Perhaps the most infamous LOX-hydrocarbon fuel mixture was LOX and liquid methane (which are perfectly miscible), discussed in Clarke's Ignition -- it was supposed to act as a monopropellant as you are describing, but was allegedly (though disputedly) so touchy it could be detonated with a bright light.
At least one of the Bell X-1 rocket planes was destroyed when LOX in contact with a oil-impregnated leather gasket detonated due to vibration. A bulk mixture of LOX and kerosene fuel is far worse -- it surely could not survive passing through a turbopump, and there would be little to stop the detonation in the combustion chamber racing up through the fuel lines and setting off the whole tank. (Detonation arrestors exist, but they don't save your engine and fuel lines from being rapidly disassembled, nor do they protect your tanks from shrapnel, as Clarke learned).

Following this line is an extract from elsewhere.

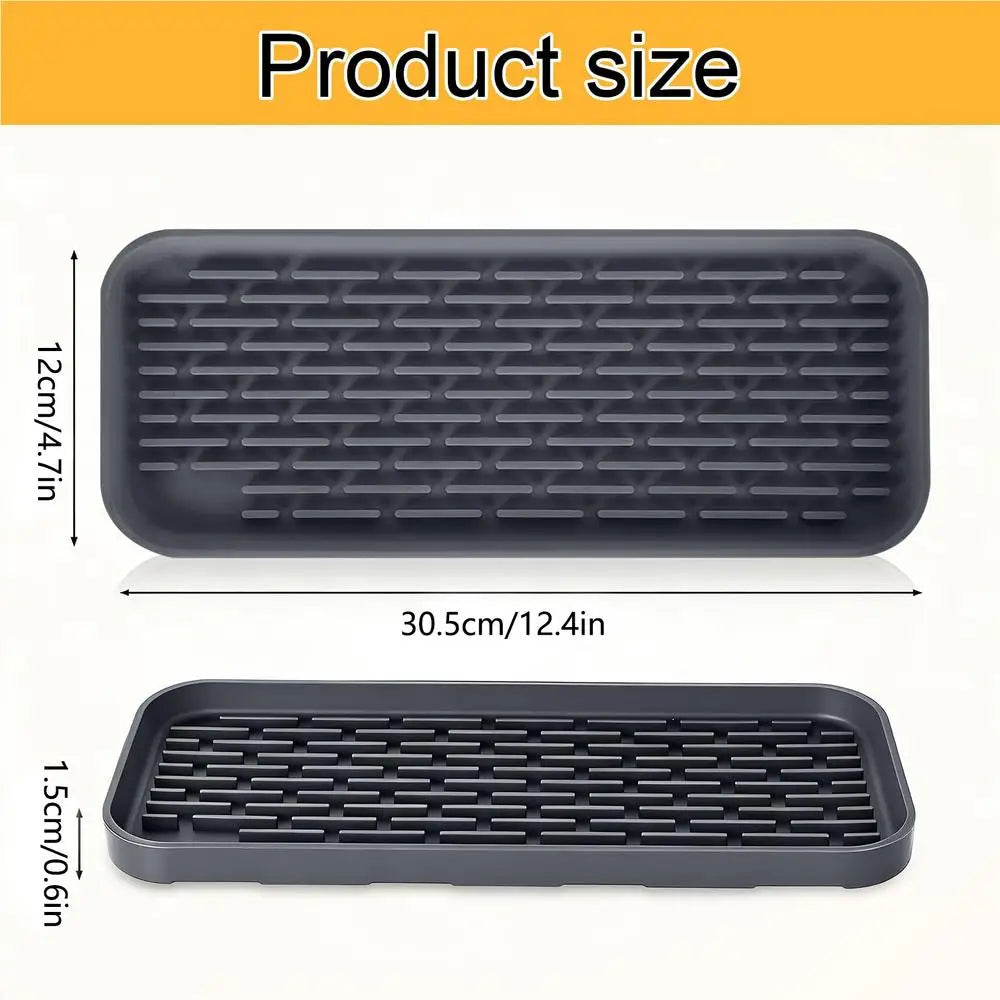 Silicone Drip Tray Non-Slip Bar Mat – Kitchen Sink Drain Pad Silicone Drip Tray PLUSH Gray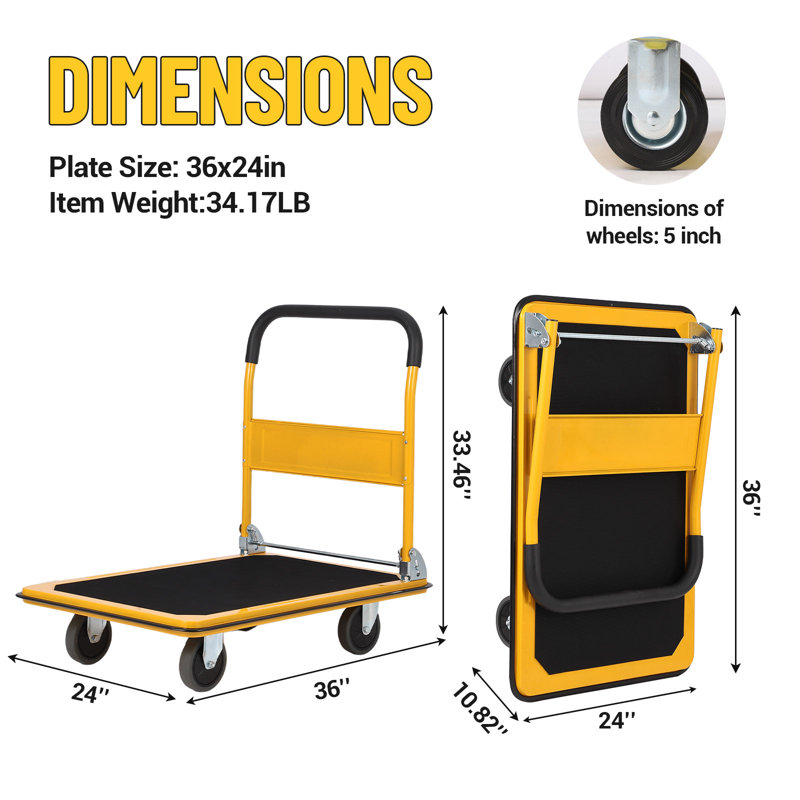 84.9cm H x 60cm W Utility Cart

Additionally, RP-1 is going to freeze at LOX temperature. The interaction of small particles of hydrocarbon probably won't help matters.
to put it in 3 words "it will explode." you see fuel burns with oxidiser and mixing the two in the same storage will well let me make it in steps:
you ignite the engine... the flame flows into the tank... that burns too... in a closed space... rapidly... which causes the tank to burst... and then you have no more rocket. ):
The history of rocket fuel development has been dominated by getting them to work at the range of temperatures we want. For instance finding a fuel that is liquid enough to work in the Arctic, and not so volatile that it can't be stored at reasonable pressure in the desert.
Unfortunately, kerosene freezes well above the boiling point of oxygen. It might be possible to turn it into a slush in oxygen, with development, and admixtures to stabilise it. After all, various powdered metals, boron, aluminium, beryllium (nasty exhaust!), have been added to fuels to increase the heat of burning, with various gels and black-magic to keep the mixture liquid. However, the history of monopropellants has been very much what you'd expect from trying to store what is basically a liquid bomb.
Read Ignition for one man's on-the-spot story of the development of rocket propellants.